Petty Officer Phillips’ own contribution is extensive. He was posted in HMAS Sydney and participated in Operation WARDEN as part of International Forces in East Timor. He was also onboard HMAS Melbourne during Operation TREK in the Solomon Islands. He participated in Operation SLIPPER in the Middle East and was part of the decommissioning crew of HMAS Manoora. Petty Officer Phillips currently serves in HMAS Choules, most recently having been involved in Exercise SEA DAWN and Operation RENDER SAFE in Bougainville last year.
"Over the course of my career, I am grateful for the many opportunities that I have had to travel to and explore exotic parts of the world that may not of otherwise been possible," Petty Officer Phillips said.
"Participating in Operation RENDER SAFE is the most memorable experience for me onboard so far; being part of an operation that was removing unexploded remnants of war, in order to provide a safe and habitable environment for the people of Bougainville to live in was a rewarding job in itself."
As the manager of the sensors and weapons department, Petty Officer Phillips has responsibility of ensuring that systems such as radars, gyros, the speed log, GPS, and the Integrated Platform Management System operate without defects.

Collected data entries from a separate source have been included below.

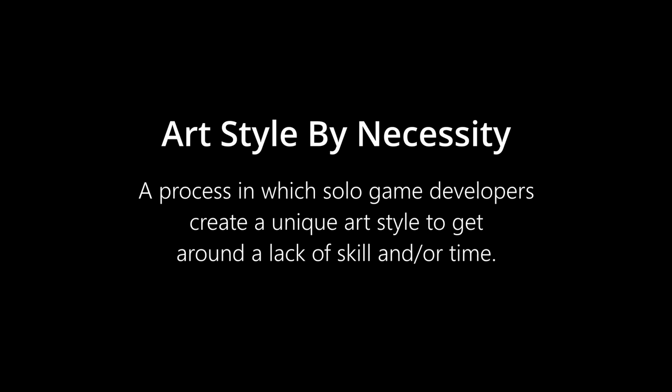This is what I call art styles born from necessity, or just art style by necessity, a process in which solo game developers create a unique art style to get around a lack of skill and or time. And these are by far my favorite art styles in games.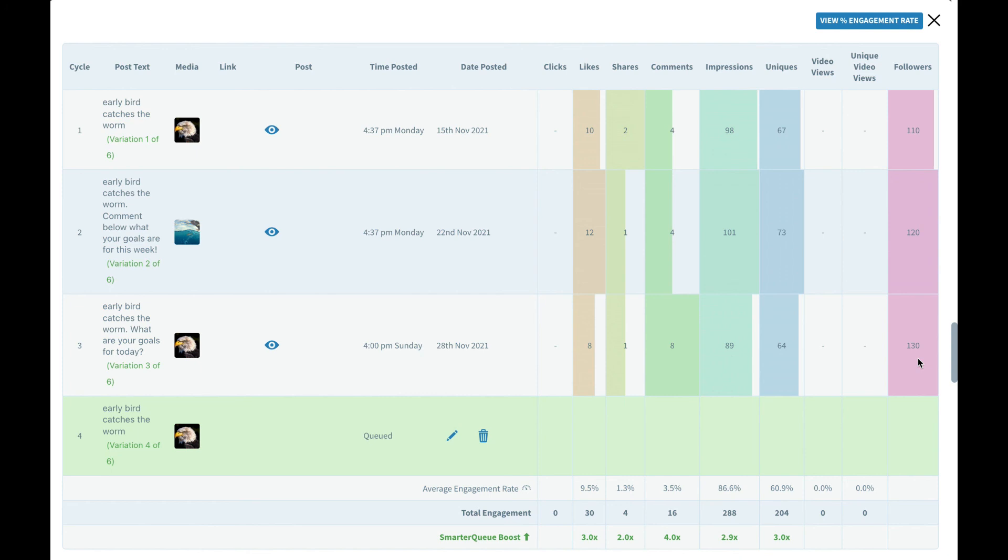So there you have it, getting started with variations and creating numerous posts from the same type of content then checking your stats to improve your strategy.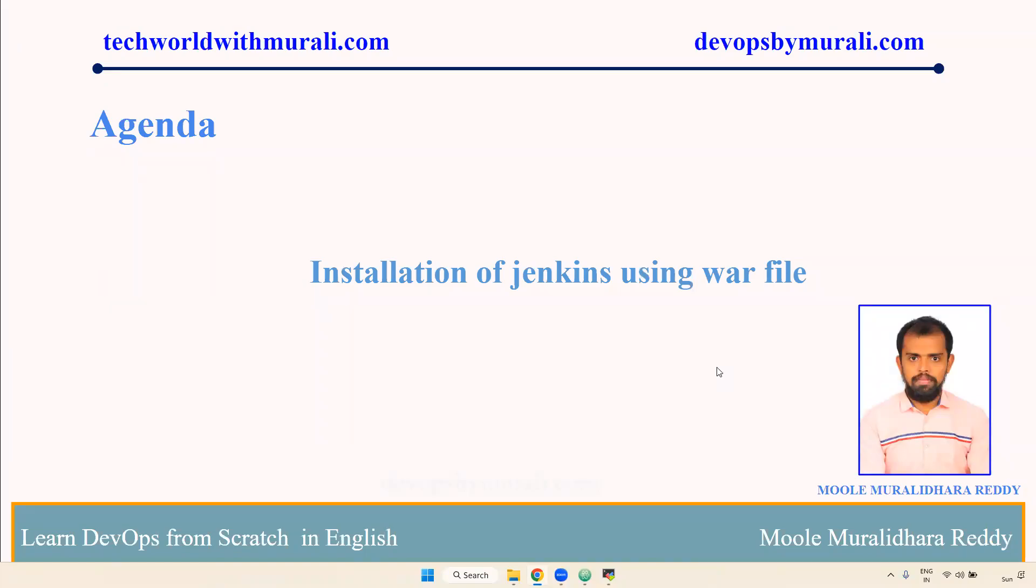Good morning everyone. Myself Muralidhara Reddy. In this video we are going to discuss the installation of Jenkins using Jenkins WAR file. We can download the Jenkins WAR file and install it directly. Let's see the demo of how we can do it.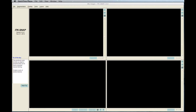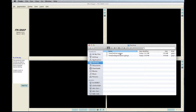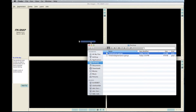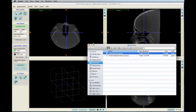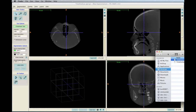First, load the scan into ITK-SNAP. It can easily be done by dragging and dropping the scan into ITK-SNAP's window.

All of these systems are essential for the ship’s safe navigation and situational awareness, and particularly for the conduct of amphibious operations.

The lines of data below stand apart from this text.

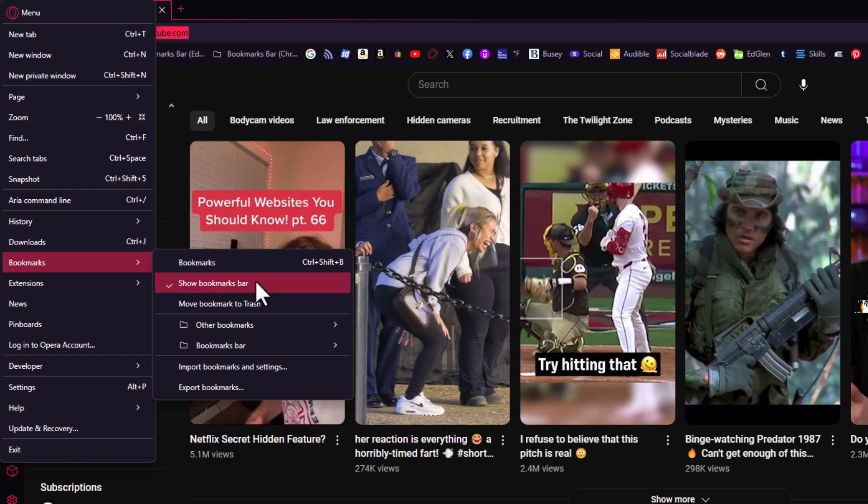That is how to enable or disable the bookmarks bar in the Opera GX web browser. Thanks for watching.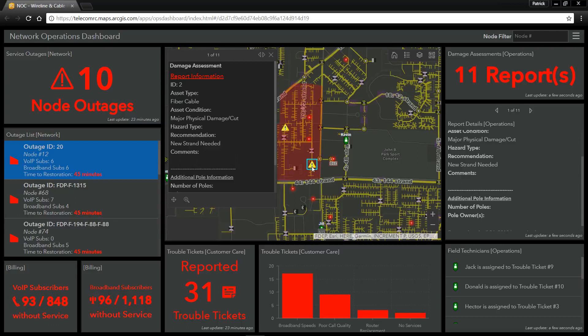With ArcGIS, you can integrate real-time asset information with maps and spatial analysis to have better operational intelligence, while enabling field crews to report information from the field in real-time. Pulling all of this information into one holistic dashboard allows your organization to have better service assurance for your customers.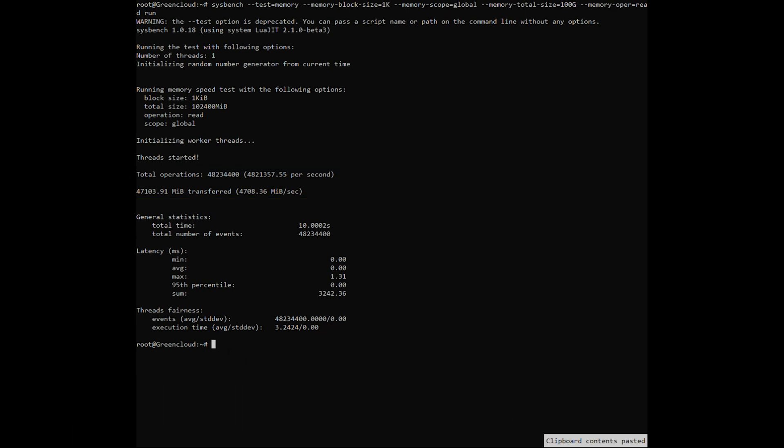Next, the following command will write 100 gigabytes to the buffer, specified by the memory total size parameter, with each write being 1 kilobyte, specified by the memory block size parameter, and only one processing thread.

He has also stepped up to be in charge of the Standing Sea Fire and Emergency Party, running the specialist team that react to fires, floods and toxic hazards onboard. The team is trained to be dressed in gloves and a protective hood, with breathing apparatus correctly checked and sealed, with the correct fire extinguishers at the right compartment ready to fight a fire - within three minutes of hearing an alarm. Choules is a 16 000 tonne ship, 176 metres long and has nine decks, which equates to 18 flights of stairs from top to bottom - so the team trains daily to know the ship inside and out.
Petty Officer Phillips and the ship's company of Choules are looking forward their next challenge, Exercise TALISMAN SABRE, off the coasts of Darwin and Townsville in July.
"It has been an honour and a privilege to serve my country for this time," he said.